Architects: Mitchell Taylor Workshop
Location: Somerset, England
Mechanical and Electrical Engineer: Buro Happold
Contractor: RG Spiller
Project Area: 800 sqm
Photographs: Courtesy of Mitchell Taylor Workshop
Mitchell Taylor Workshop have an increasing interest in education buildings, that grew out of working on projects like the (RIBA award winning) ‘Room 13’ project. Kings College in Taunton commissioned the new 500m2 library in 2008. The site is tight and reasonably complex: existing listed buildings had to be retained at ground level and were enveloped in a jigsaw like fashion by the new building. At ground floor are offices, resource spaces and teaching spaces, and at first floor is the library. The site dictated a deep plan building, which ultimately drove the architectural solution – a series of lofty saw tooth north lights that provide large levels of natural light and ventilation. This also evolved from a series of earlier proposals which were more ‘conventionally radical’: it is often easier for architects – us included – to proposal an alien, radical piece of design, and our first proposals were for a shimmering, brass and copper clad box with a series of continuous fins that varied as to the level of light control they provided.
This was rejected out of hand by the main benefactor (a former pupil), who donated a significant proportion of the budget, and demanded that the proposals acknowledged the character, grain, form and material of the listed context. We had an internal ‘crisis’ meeting where we had to completely redesign the scheme to win his approval, and it evolved into the current scheme. We realized that it had to be a masonry building, with what are effectively gable ends.
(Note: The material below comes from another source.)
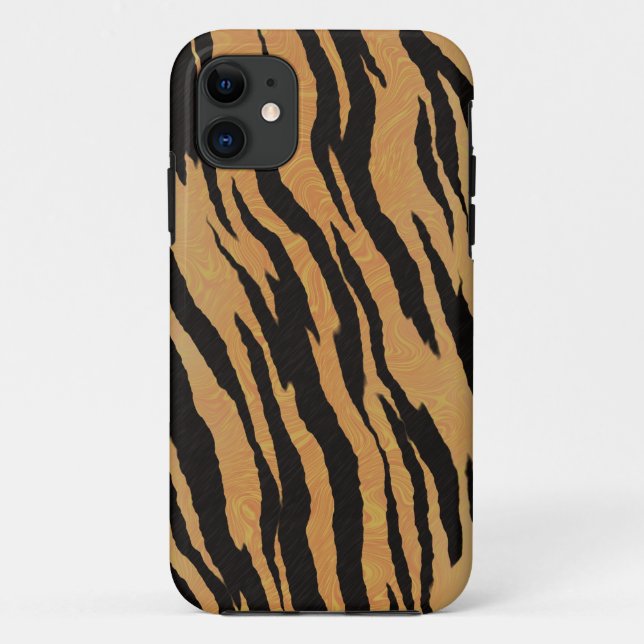 Capa Para iPhone 11 Tigre de fundo de textura de padrão uniforme (Verso)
We pushed these to aspects as far as possible, and ended up making the brick do as much as possible – even the soffits are clad in brick – which we had hand made by Ibstock, with a proportion of them distorted in the kiln and used randomly in the envelope. The joint is a fat, smudged Lewerentz-esque joint, acknowledging the stone of the surrounding buildings.
The pointy gable ends developed into the witches hat shapes to maximise ventilation and lighting, move them beyond a conventional saw tooth, and give the building a kind of signature. Internally, they provide a lofty and airy open plan library space.
The envelope was then worked into to provide strategic views out – hence the randomly placed windows – with a number of bays providing reading spaces and animating the facade, with ventilation provided by a number of perforated metal screens that open independently of the (entirely naturally ventilated) building.